Two open source tools have helped National Australia Bank build a resilient cloud-based infrastructure to deliver its online presence, David Broeren, head of the digital and online channels at the bank, told the Amazon Web Services summit in Sydney today.
NAB has been using Bees with Machine Guns — a load testing utility developed by the News Applications team at the Chicago Tribune — and the infamous Netflix-developed Chaos Monkey tool to test the resilience of nab.com.au, which is hosted in Amazon's public cloud.
Broeren traces the bank’s relavitely recent transition to cloud for delivering its online presence back five years to what is now known as ‘agile@nab’, which started with the deployment in 2009 of Jenkins for CI, and continued with the establishment of an internal Git-based source code repository in 2011 and, more recently, the use of the Artifactory repository manager.
These were “key foundational processes that we needed to do to be able to prepare us for what we do now,” which an "infrastructure as code" approach, Broeren told the conference.
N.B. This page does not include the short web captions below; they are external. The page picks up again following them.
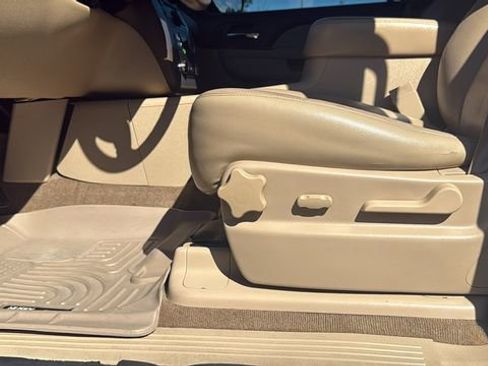 Used 2012 GMC Yukon XL SLT RWD image 15
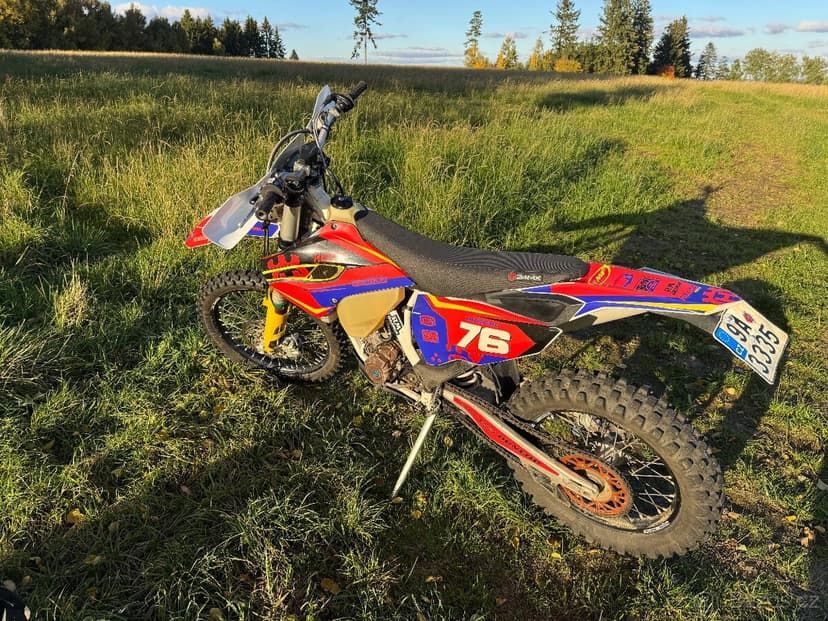 HUSQVARNA FE 250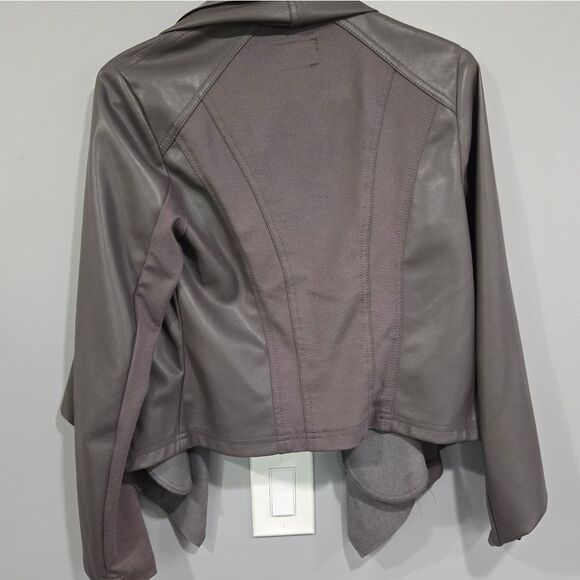 🐢 KUT from Kloth,  Gray faux leather drape front jacket 🧥 Size Small VG - Picture 13 of 15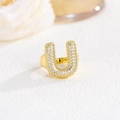 Macro di un anello regolabile in oro con lettera U decorata da zirconi micropavé - Lettera U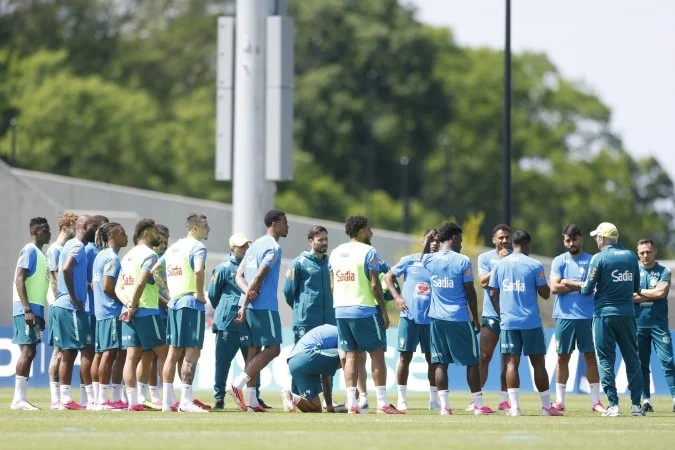 Decisão sobre o expediente durante os jogos do Brasil ainda está em análise pelos governos.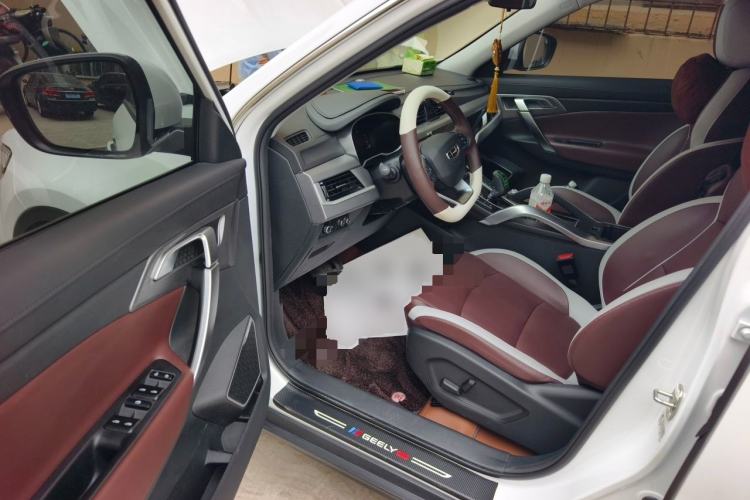 Used Geely Auto Emgrand X7 Sport 2022 1.8TD DCT Zhiya Trim Driver Seat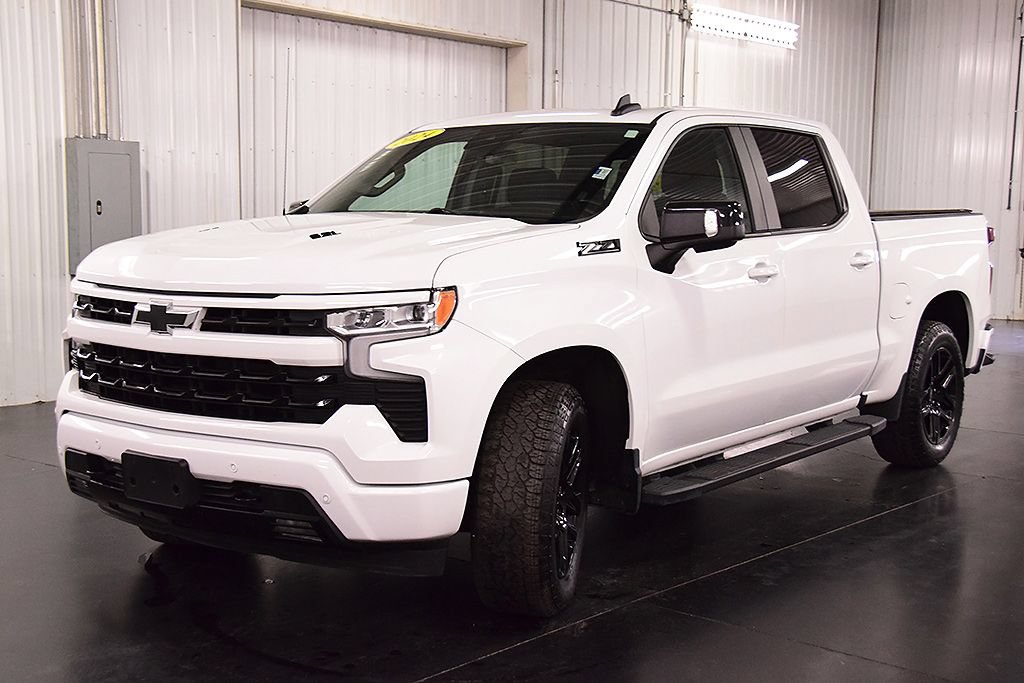 Used 2024 Chevrolet Silverado 1500 RST w/ All Star Edition Plus AWD/4WD image 3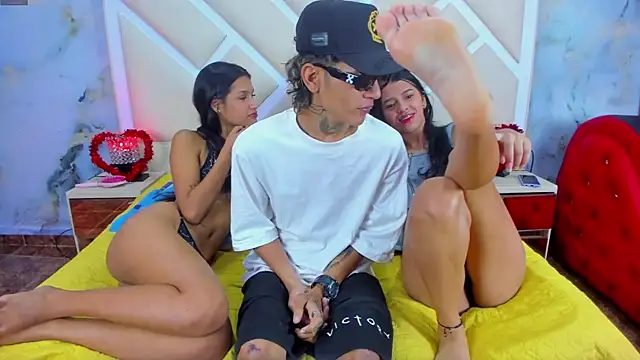 Threelicious  online show from February 2026 12:17:02 AM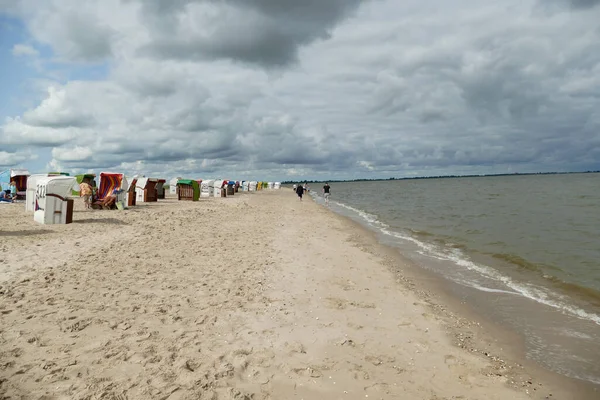 Cadeiras Praia Coloridas Uma Praia Perto Mar Norte — Fotografia de Stock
The transition to AWS started with creating an account and the single click of a button, Broeren said.
“The first click of the button actually established two EC2 instances linked together through an Elastic Load Balancer. The next step through CloudFormation was to establish S3 with all the server images that we needed to be able to build the site. [Then] CloudWatch alerting. And to finish it off, autoscaling.”
“In 59 minutes we went from an account with Amazon Web Services to basically two data centres,” Broeren said.
“So the next click was to actually deploy servers, and within two minutes we had 40 servers out there running. Again – nothing actually running on it but we had two data centres, all the servers out there running.
“And the last click, did actually put nab.com.au out onto it.”
The point of using Bees with Machine Guns is “to put a brute force load onto the site to test out its resilience,” he said. “Launch the bees, ramp up the load. But the beauty of Amazon Web Services is that it was ready for it: CloudWatch alerting gives autoscaling a heads up, and we then add more servers automatically to take the load.
“From there, pretty it’s simple — you take the bees away and Amazon [takes] us back to our standard config.”
Bees with Machine Guns is run in NAB’s dev environment; however, thanks to the use of cloud the dev, test and production environments are all identical Broeren said.
On the other hand, Chaos Monkey is run in NAB’s production environment, he added. Chaos Monkey randomly attacks and destorys EC2 instances, which can then be replaced automatically.
“To get full effect you’ve got to run it in production – and we run it 24 by 7, 365 days of a year,” he said.
The upshot of switching to cloud has not just been agility, but also the ability to reduce the load on the bank’s operations teams, Broeren said.
“There are tens of billions of dollars that go through the bank each day and it’s a stressful job. If there’s anything I can do to make the operations guys’ life easier, I’ll do it.”
“From a change perspective we’ve been able to go from major to minor changes for most things on the on the nab.com.au platform,” Broeren said.
A second factor reducing the load on ops is that the ability automatically scale to cope with increased load, which has allowed the bank to remove threshold monitors.
“With NAB.com.au on Amazon we know that with increased demand the system will scale itself and for every change that we put through the platform we’ve tested it – we’ve safely removed those thresholds. So no calls, no SMSes.”
Finally, he said, the combination of autoscaling and Chaos Monkey mean that that “something which would traditionally be a high severity incident — that is, loss of a server … with Chaos Monkey we’re always testing it, so we go from a high severity to an information event.”
Broeren said that his team is looking at other tools such as Janitor Monkey and Chaos Gorilla from Netflix’s ‘Simian Army’ as part of the next steps “towards the utopia of zero down time.”